=== Supplied data ===
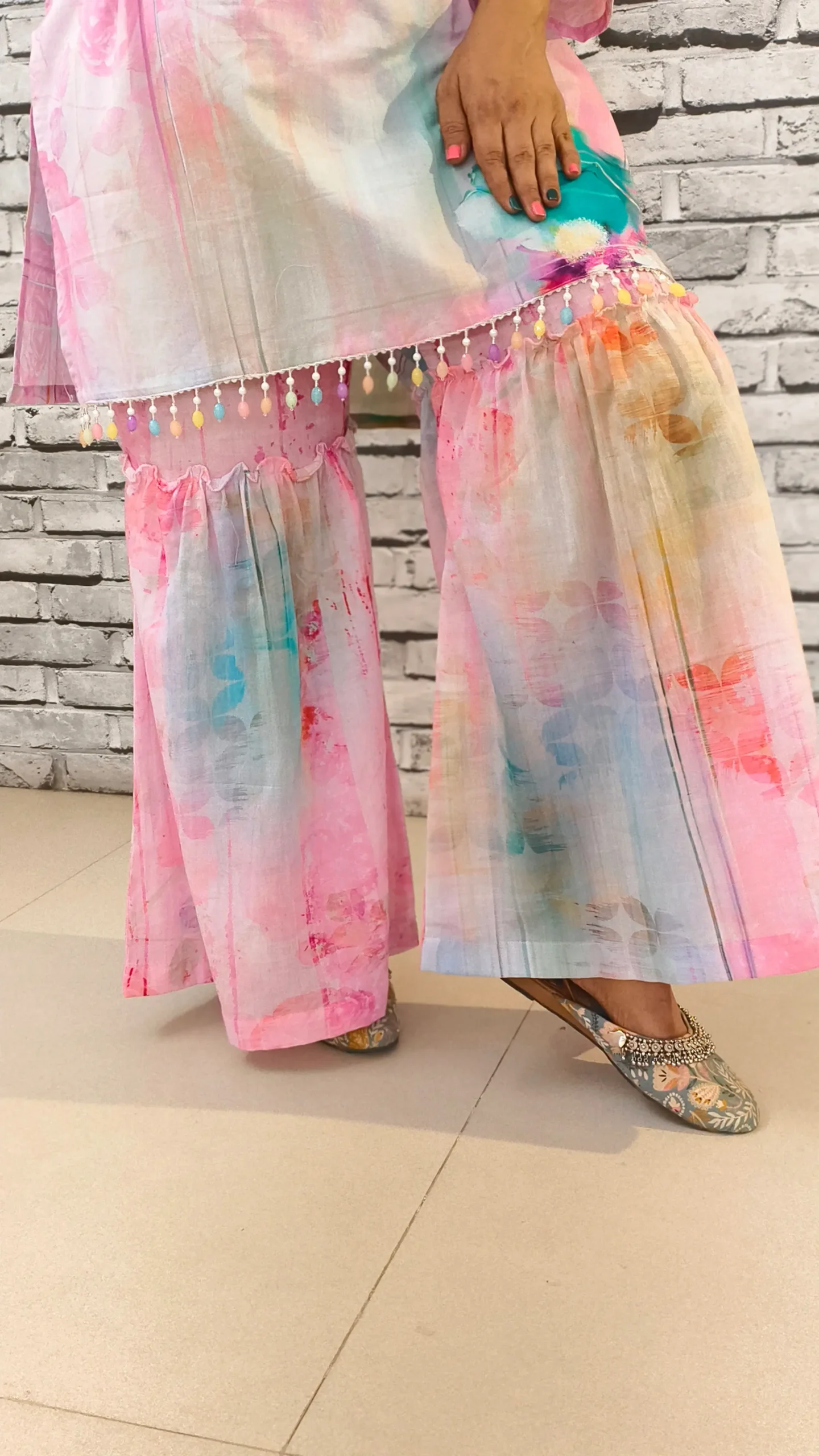 Pastel Dream Cotton Garara Co-ord Set with Bead Detailing
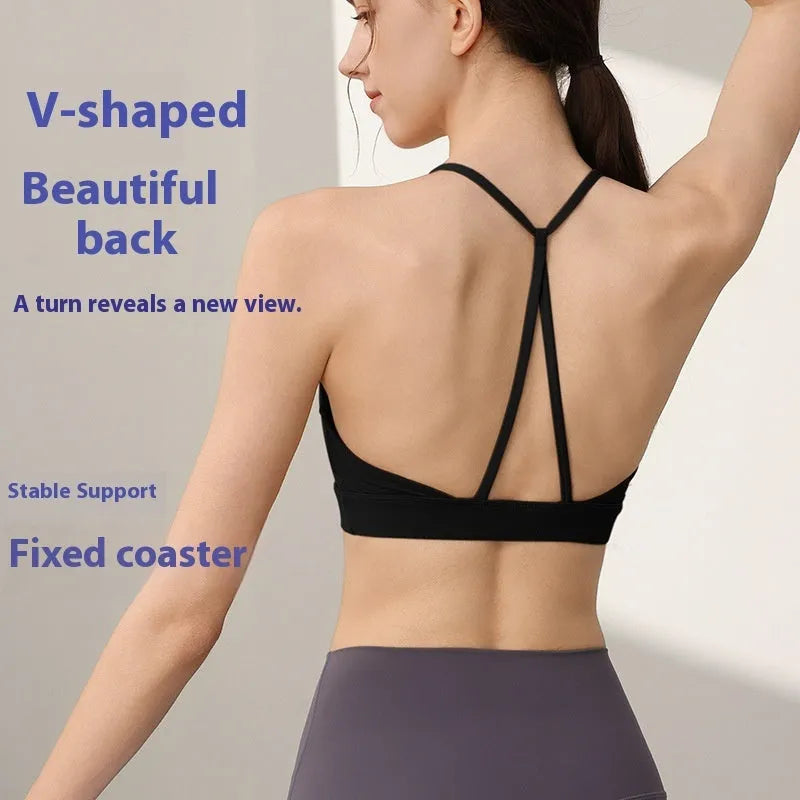 Women's nylon sports vest with double shoulder straps in sunshine desert colour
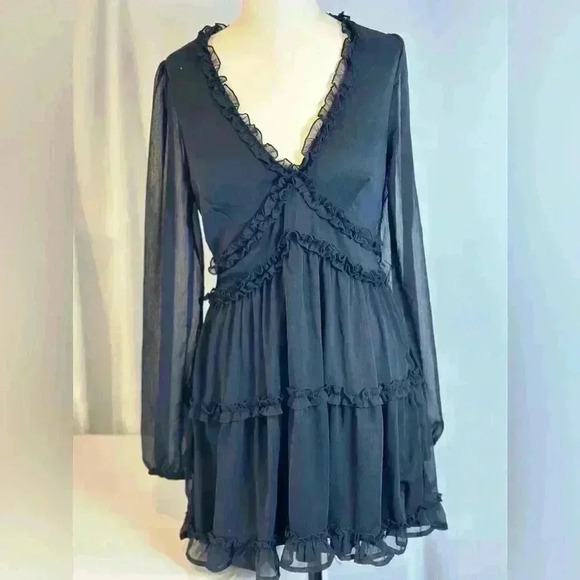 NWT - Ella Ruffle Mini Dress - Black (Size M) - Picture 6 of 11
===
* The task: Word for word, retype the material above without its pictures.

* Task response:
 Pastel Dream Cotton Garara Co-ord Set with Bead Detailing
 Women's nylon sports vest with double shoulder straps in sunshine desert colour
 NWT - Ella Ruffle Mini Dress - Black (Size M) - Picture 6 of 11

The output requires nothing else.